§ Data to process:
━━━━━━━━━━━━━━━━━━━━━━━━━━━━━━
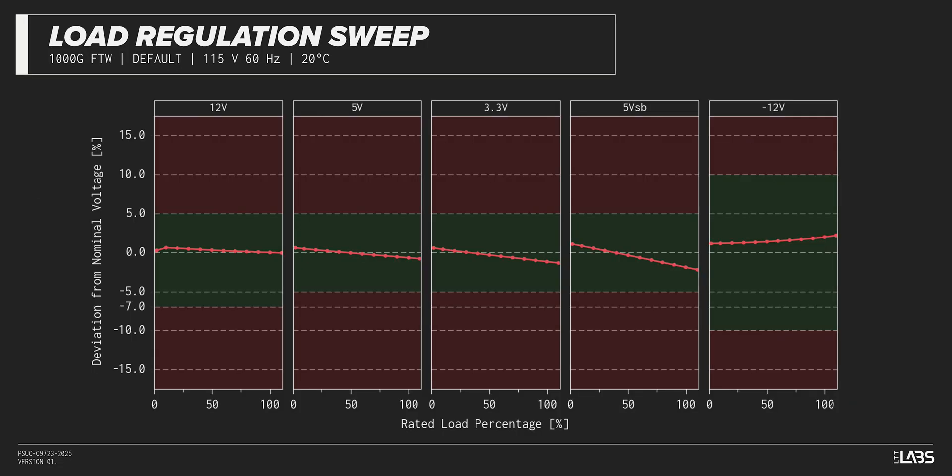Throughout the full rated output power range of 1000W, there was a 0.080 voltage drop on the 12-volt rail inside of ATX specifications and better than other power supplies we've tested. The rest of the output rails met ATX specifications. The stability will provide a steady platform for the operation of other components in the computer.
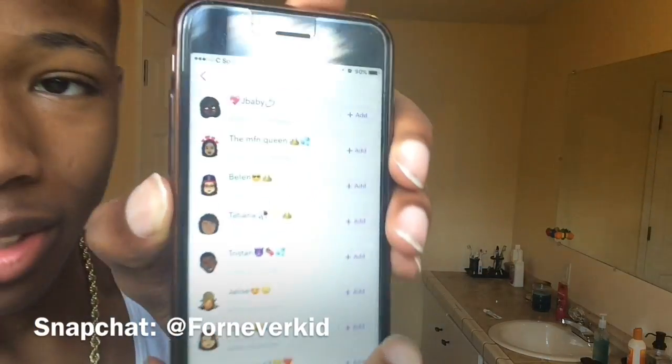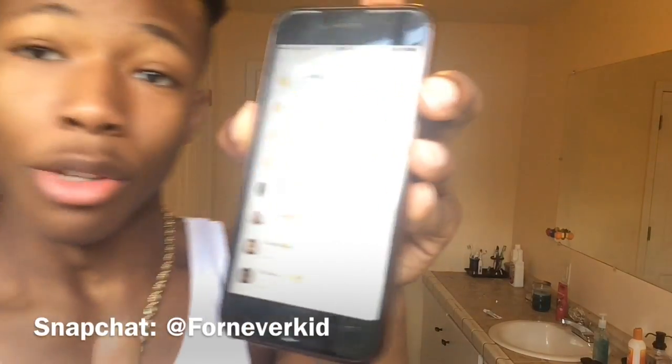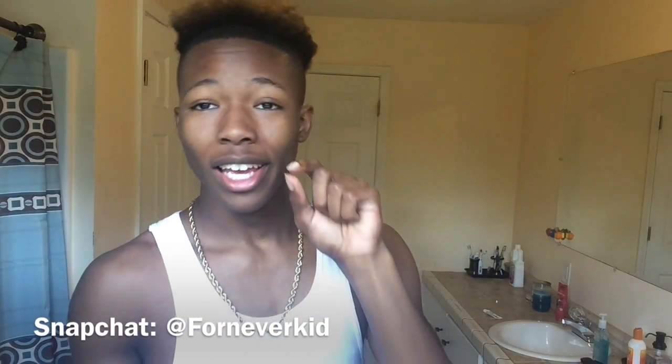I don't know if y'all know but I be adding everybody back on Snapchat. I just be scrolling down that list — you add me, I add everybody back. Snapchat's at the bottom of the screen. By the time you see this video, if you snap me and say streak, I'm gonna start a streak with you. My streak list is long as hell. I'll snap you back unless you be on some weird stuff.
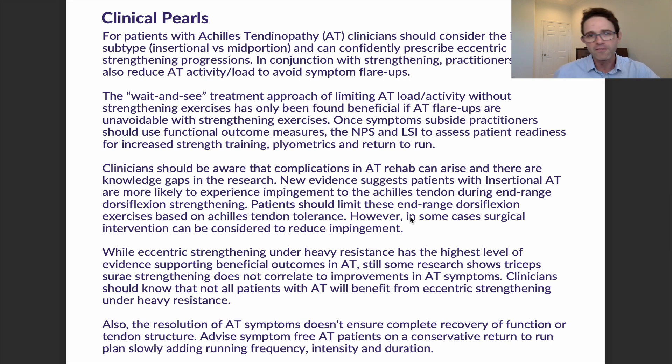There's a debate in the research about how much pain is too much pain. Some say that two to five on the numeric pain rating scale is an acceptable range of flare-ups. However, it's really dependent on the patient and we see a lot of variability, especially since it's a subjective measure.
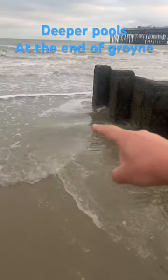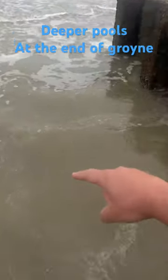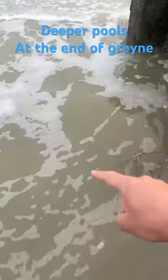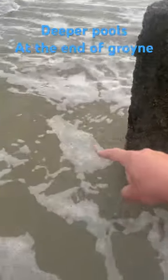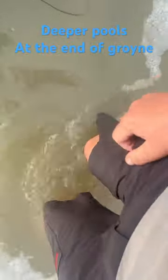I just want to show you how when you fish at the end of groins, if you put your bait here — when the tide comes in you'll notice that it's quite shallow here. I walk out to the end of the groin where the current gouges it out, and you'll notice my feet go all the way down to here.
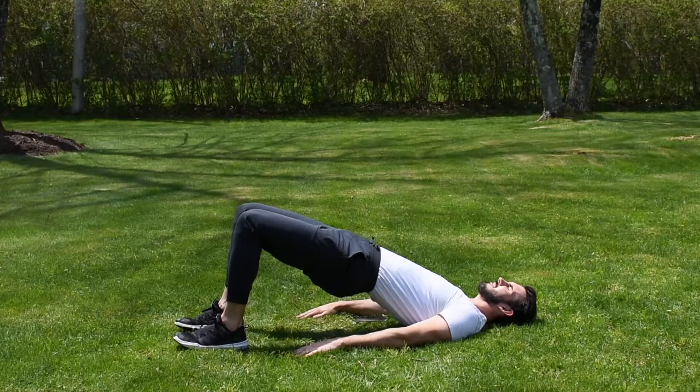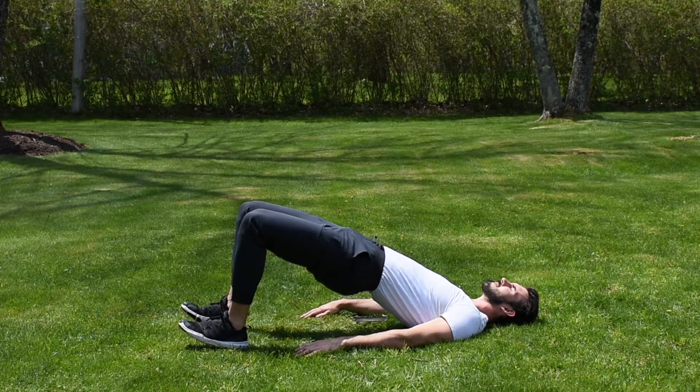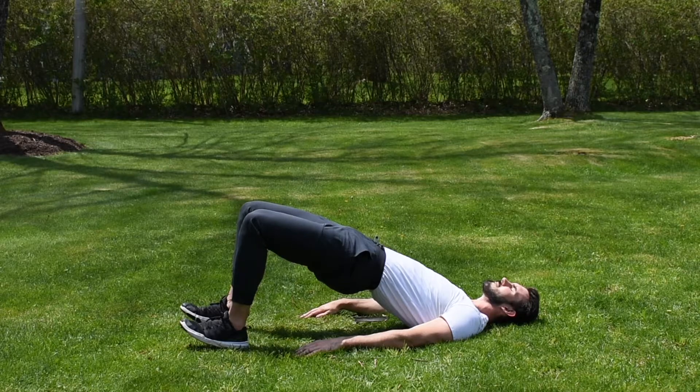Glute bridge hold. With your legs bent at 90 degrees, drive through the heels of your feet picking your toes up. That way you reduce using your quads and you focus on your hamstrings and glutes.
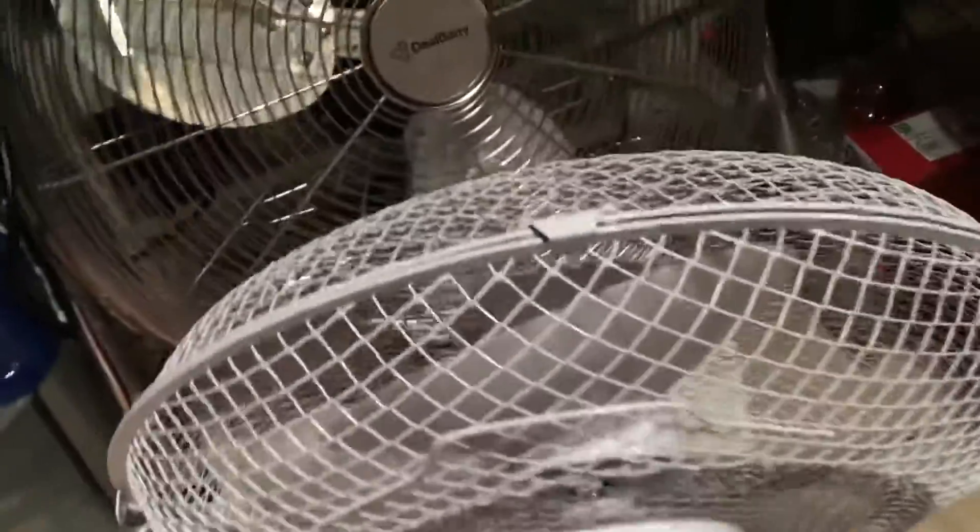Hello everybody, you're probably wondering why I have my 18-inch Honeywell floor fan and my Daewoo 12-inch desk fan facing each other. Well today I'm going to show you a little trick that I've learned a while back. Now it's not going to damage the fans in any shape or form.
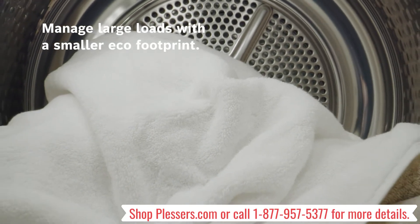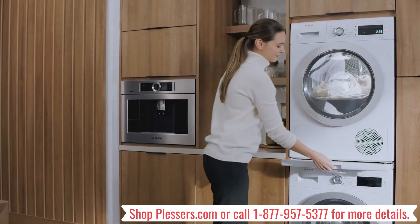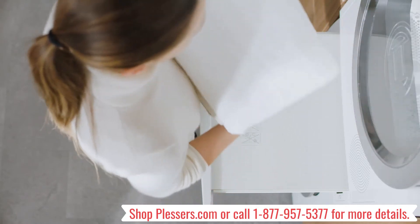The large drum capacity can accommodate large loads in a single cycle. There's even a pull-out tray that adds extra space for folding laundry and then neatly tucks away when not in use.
━━━━━━━━━━━━━━━━━━━━━━━━━━━━━━
§ Exercise aim:
Transcribe exactly the lines from the one holding "Hello everybody, you're" through the final line of the material above, both ends included; any pictures should be dropped.

§ Result of this task:
Hello everybody, you're probably wondering why I have my 18-inch Honeywell floor fan and my Daewoo 12-inch desk fan facing each other. Well today I'm going to show you a little trick that I've learned a while back. Now it's not going to damage the fans in any shape or form.
The large drum capacity can accommodate large loads in a single cycle. There's even a pull-out tray that adds extra space for folding laundry and then neatly tucks away when not in use.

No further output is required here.